Siamo di fronte, cioè, a un fatto inaudito nella storia della criminalità: chiunque si trova nel quartiere del nemico diventa di per sé un nemico, al di là del fatto che sia o meno membro del clan avversario. Tutto il quartiere diventa teatro della guerra, comprese le persone e i palazzi in cui abitano, come “anime morte” di gogoliana memoria, strettamente legate come proprietà privata ai feudatari che vi dominano, per cui è legittima qualsiasi rappresaglia nei loro confronti. Lo scontro tra i clan finisce in questo modo per allargarsi strutturalmente ai civili e agli estranei, questa volta non casualmente, non per errore ma come «estensione del dominio della lotta» per parafrasare il titolo di un libro di Houellebecq . 

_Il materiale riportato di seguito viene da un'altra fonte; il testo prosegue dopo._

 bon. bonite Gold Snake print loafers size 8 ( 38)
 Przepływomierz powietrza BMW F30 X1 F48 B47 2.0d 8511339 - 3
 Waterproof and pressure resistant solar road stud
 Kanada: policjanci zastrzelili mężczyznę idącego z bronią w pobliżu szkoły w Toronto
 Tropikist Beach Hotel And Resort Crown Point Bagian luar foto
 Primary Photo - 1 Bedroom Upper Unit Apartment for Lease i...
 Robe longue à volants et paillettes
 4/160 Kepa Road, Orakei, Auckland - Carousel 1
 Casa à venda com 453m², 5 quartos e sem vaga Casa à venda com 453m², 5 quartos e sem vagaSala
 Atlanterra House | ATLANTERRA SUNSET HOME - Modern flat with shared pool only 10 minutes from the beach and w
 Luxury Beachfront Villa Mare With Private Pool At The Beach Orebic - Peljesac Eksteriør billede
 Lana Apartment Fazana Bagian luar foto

Al tempo stesso questa adozione diffusa del metodo della “stesa” potrebbe lasciar presupporre che i giovani violenti, che per un periodo hanno cercato di rottamare la vecchia camorra, tornano a cercare la loro ascesa criminale dentro le bande più strutturate, dopo aver verificato che la loro sopravvivenza in autonomia era quasi impossibile. Insomma, i vecchi clan stanno assorbendo l’ansia di riuscita dei giovanissimi all’interno delle loro attività storiche. E i giovanissimi hanno portato in dotazione la loro specifica modalità d’agire, basata sulla paura da incutere all’avversario e al suo territorio piuttosto che sul consenso e sul “rispetto”, modalità tipica delle forme gangsteristiche e non di quelle mafiose. Le vecchie famiglie, d’altronde, hanno tutto l’interesse a riassorbire la contestazione criminale giovanile e a governarla. E al posto di provare a limitare la loro violenza anarchica (per non attirare sulla città e sui loro affari un’attenzione scomoda delle forze dell’ordine e della magistratura) ne adottano le modalità. Quando i minorenni vengono associati agli adulti nelle bande di camorra, portano in dote la loro particolare violenza senza regole e senza limiti. Non vengono associati per completare la loro educazione criminale e per limitarne l’aggressività permanente, ma per portare dentro i clan il loro metodo e metterlo in atto. Insomma, in alcuni clan storici stanno prevalendo i metodi delle bande criminali tipiche delle periferie delle città europee e sudamericane. I giovanissimi non hanno conquistato il dominio sui vecchi clan, ma ne stanno profondamente condizionando l’organizzazione.

Per quanto riguarda, infine, la decisione della magistratura sui figli della coppia di spacciatori del Pallonetto di S. Lucia aderenti al clan Elia, sottratti per sempre ai loro genitori, andrebbe avviata una discussione più ampia. Perché al di là di ciò che ciascuno di noi pensa della bontà e utilità di tale misura, è evidente che la città di Napoli non è in grado di farsi carico dei suoi figli che nascono in un ambiente criminale, e non riesce a trovare un’altra strada per consentire a dei bambini di vivere gli affetti naturali senza le conseguenze criminali di essi.